Input:
********************
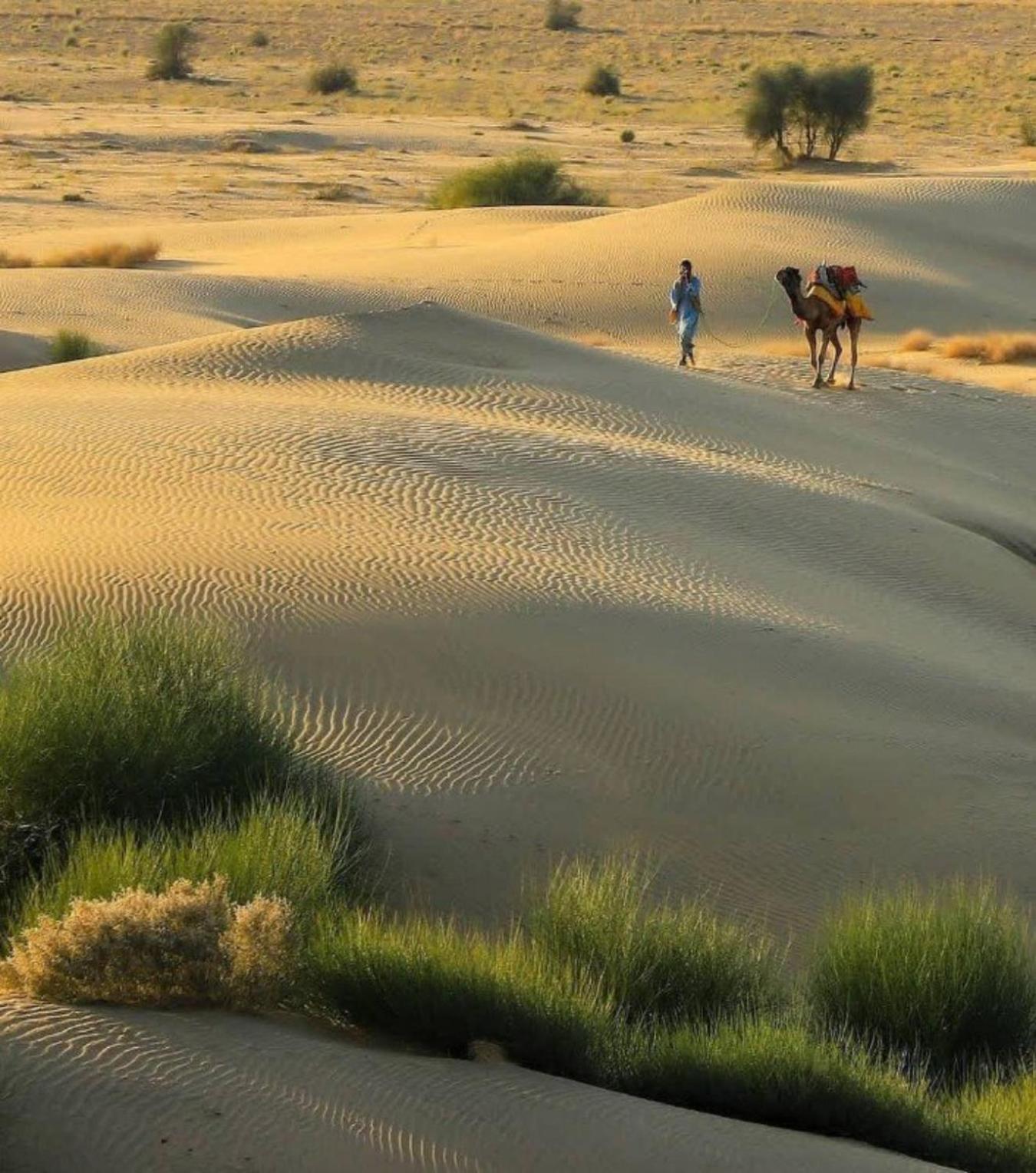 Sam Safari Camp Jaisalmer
********************
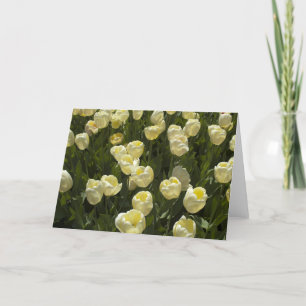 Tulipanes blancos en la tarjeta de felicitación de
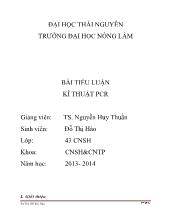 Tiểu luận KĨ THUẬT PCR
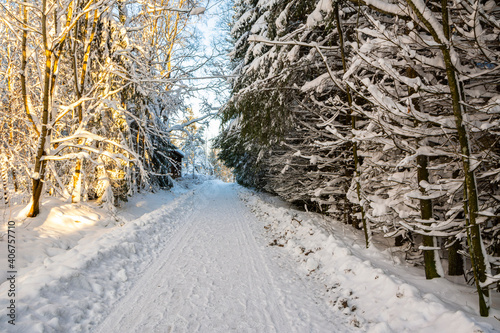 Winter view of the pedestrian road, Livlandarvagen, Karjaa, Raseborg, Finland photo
********************
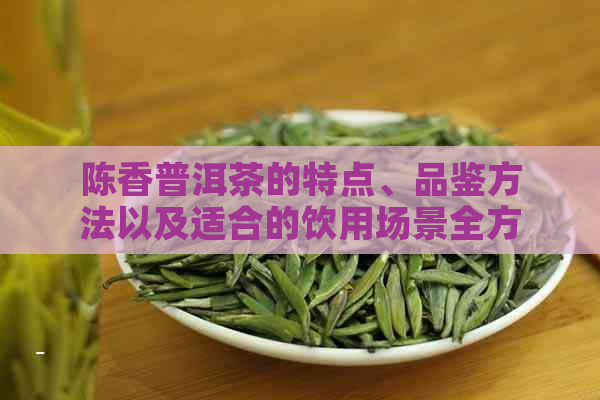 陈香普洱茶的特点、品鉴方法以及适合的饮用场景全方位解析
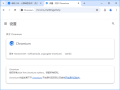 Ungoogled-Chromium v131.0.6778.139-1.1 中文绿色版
********************
From the entries above, copy exactly the lines starting at the one with "Tiểu luận KĨ THUẬT PCR" and stopping at the one with "Winter view of", keeping both ends. Drop the pictures.

 Tiểu luận KĨ THUẬT PCR
 Winter view of the pedestrian road, Livlandarvagen, Karjaa, Raseborg, Finland photo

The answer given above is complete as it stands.